(2025年12月) < *印 旧仮名遣い >
水野 康幸(新アララギ HP運営委員)
秀作
○
ふで
地下鉄のトンネルを過ぎ目の前に見知らぬ町の景色広がる
灰色の初冬の街に夕陽受けオレンジにひかるビルひとつあり
黒髪のぞく金髪娘がプリンなら染髪我は初冠雪か
評)
前:初稿のままで完成とした。暗いトンネルと見知らぬ町が開ける対比が鮮やかである。中:「オレンジにひかるビル」に焦点を当てることにより、歌のまとまりがよくなった。後:思い切った例えが面白い歌。
○
夢子
神様も意地が悪いね人間は他の生き物食べねば生きず
神さまは空のどこらにいるのやら人の心にそっと灯る火か
死の手前意識はどこへ行くのだろ科学の筆はそこで止まりぬ
評)
前:なるほどと思わせる事に焦点を当てた。

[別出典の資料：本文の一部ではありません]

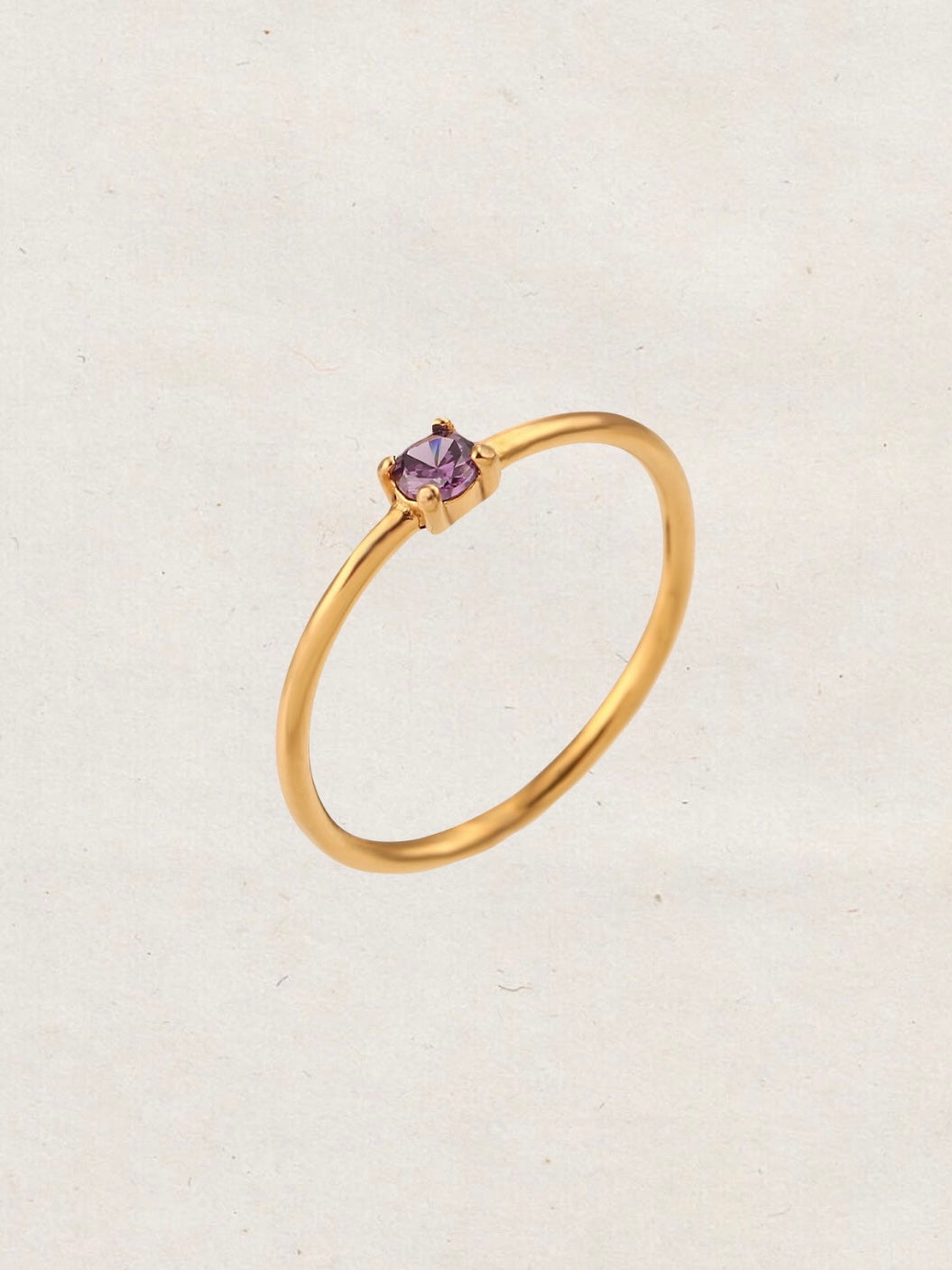 Anillo solitario circonita amatista - Acero dorado 316L baño oro 18k - Talla 13 y 18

人間は怖い、どんな生きものも食ってしまう。中:「空のどこら」という言葉はないので、「空のいづこ」にいるのやら、としたらよかった。後:死は誰もが経験し、誰もが知ることができない、それだけミステリーなものである。
○
鈴木 英一
参拝者の写経勧進によみがえりし七堂伽藍に心打たれり
かつて見し西塔跡の仏足石を大講堂の裏に見つけぬ
評)
前:勧進とは、堂塔などの建立のため人々に勧めて寄付を募ること、と辞書にある。写経をして寄付を集め、七堂伽藍がよみがえったのだ。後:仏足石を大講堂の裏に見つけた。正に発見だったことだろう。
○
原田 好美
富士の秋種々の方より写したる富士山ありてどれも聳える
紅葉観て夫と二人で麦とろとわらびもち食み笑顔こぼれる
評)
前:富士の歌は色々あるだろうが、これは様々の角度から写した写真を見ての感想である。後:紅葉を見てわらび餅を食べ、夫婦で微笑み合う情景を歌にした。やや詠みこむ事柄が多すぎたかもしれない。
○
紅葉
コーラスの声が聞こえる教会の坂を下って歩みゆく朝
2か月に一度だけ来る2か月に1日だけの仕事の日なり
評)
前:歌声の聞こえる教会の坂を下ってゆく様が詠われている。最後の「朝」は省略した方が良いかも。後:2か月に一度だけの仕事とは、どんな仕事だろうか。特にそれを言わず、読者に考えさせる点が面白いのかも知れない。
佳作
○
西村よしひろ
弱き陽の
木守
(
きも
)
りの柿を染める夕さみしき色の秋は深めり
評)
評:なかなか良い歌だが「弱き陽」と「夕」が重なっており、夕の位置を考えた方が良かったのではないか。例えば(夕暮の弱き陽が柿の木を染めてさみしき色の秋は深まる)のように。次回は頑張って5首に挑戦して下さい。
●
寸言
短歌は下の句に焦点があるので、感動の中心となるものを歌の終わりに持ってくるのが良い。そのためには、上の句と下の句とを入れかえて、どちらが良いか推敲するのがよい。また、全般的に色々詠みこんで、結局何が言いたいのかが不分明になることがある。単純化ということも、歌の大原則のひとつである。これらは基本的なことだが、再度指摘しておきたい。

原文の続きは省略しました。